Most prominent among the proponents is researcher John Ousterhout of Stanford who as a result authored "The Case for RAMClouds: Scalable High-Performance Storage Entirely in DRAM". Proponents make the case that disk-oriented approaches to online storage are problematic, do not scale gracefully and while disk capacity has exploded — access latency and bandwidth has not kept pace.

To solve this problem, the essential idea is to shift the home of online data from disk to DRAM, thereby creating a new class of storage above disk.  At present, Stanford is the current home to the RAMCloud project where they are building an open source implementation based on the premises of Ousterhout's original paper which currently runs on top of Linux/Unix.

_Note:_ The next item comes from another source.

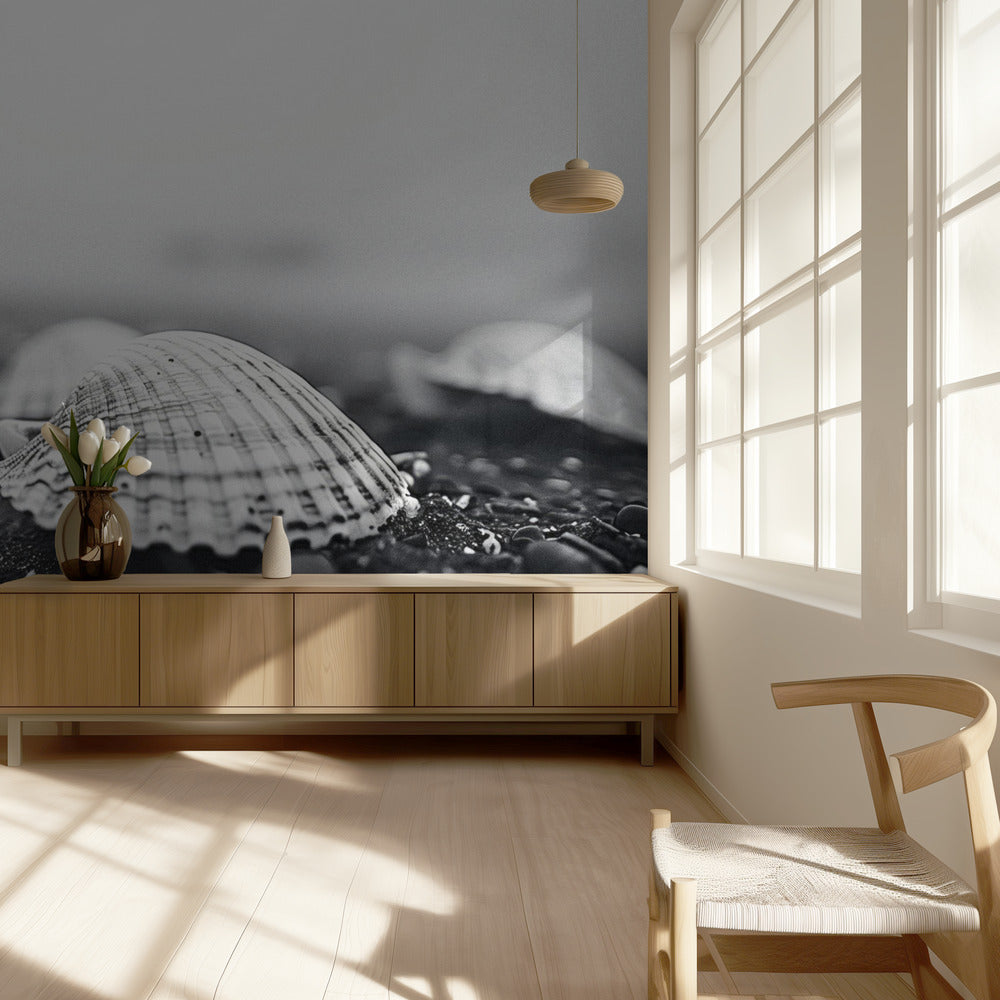 Seashell Serenity | Behang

The current proposed cluster will contain 40 nodes built on top of commodity hardware, configured with 24-32GB of RAM, CPU and disk, costing between $2000-$2500 per node.  The intent is provide a durable and available solution with the following goals:

  • 1M operations/sec per server
  • Low-latency access: 5-10 micro-second RPC
  • All data is always in RAM
  • Multi-tenancy
  • Automated management
  • Storage for datacenters

Opposition

Opponents do not agree, of which Jeff Darcy has been the most vocal:

Simple fact: a real data-storage system that uses tried-and-true OS caching to serve most requests from memory will beat a system that was designed to be memory-only and then added spill-to-disk as an afterthought. It will perform as well, and it will have better behavior when it comes to protecting data. It will handle a full data-center power outage as well as a single server failure. It will allow the full range of backup and forensics and compliance behaviors that form part of a real data management strategy. That doesn’t mean any representative of category X is better than any representative of category Y for all times and places, but all of those fancy data-lookup algorithms and such can be – and often have – been implemented in a real storage system too.  It’s IMDGs that want to be real storage when they’re all grown up, not the other way around.

Continues Murat Demirbas in a review he recently published on The Case for RAMClouds:

I think cost trends and size trends have not been taken into account appropriately for the analysis in the paper. Also, there are several research challenges to be addressed before we can reap the benefits of the latency and bandwidth trends. So I contend that RAMCloud is not cost-effective now, and it may not be cost-effective for sometime soon.

Summary

Over the last 30 years latency on disk has only improved by a factor 2x, from around 20ms to 10ms.  This is a very tough problem space to solve, but the RAMCloud project is focused on just that, combining scale with very low access latency.  If successful the project would enable developers more powerful uses of information at Internet scale as well as provide significant advancement in database and storage research.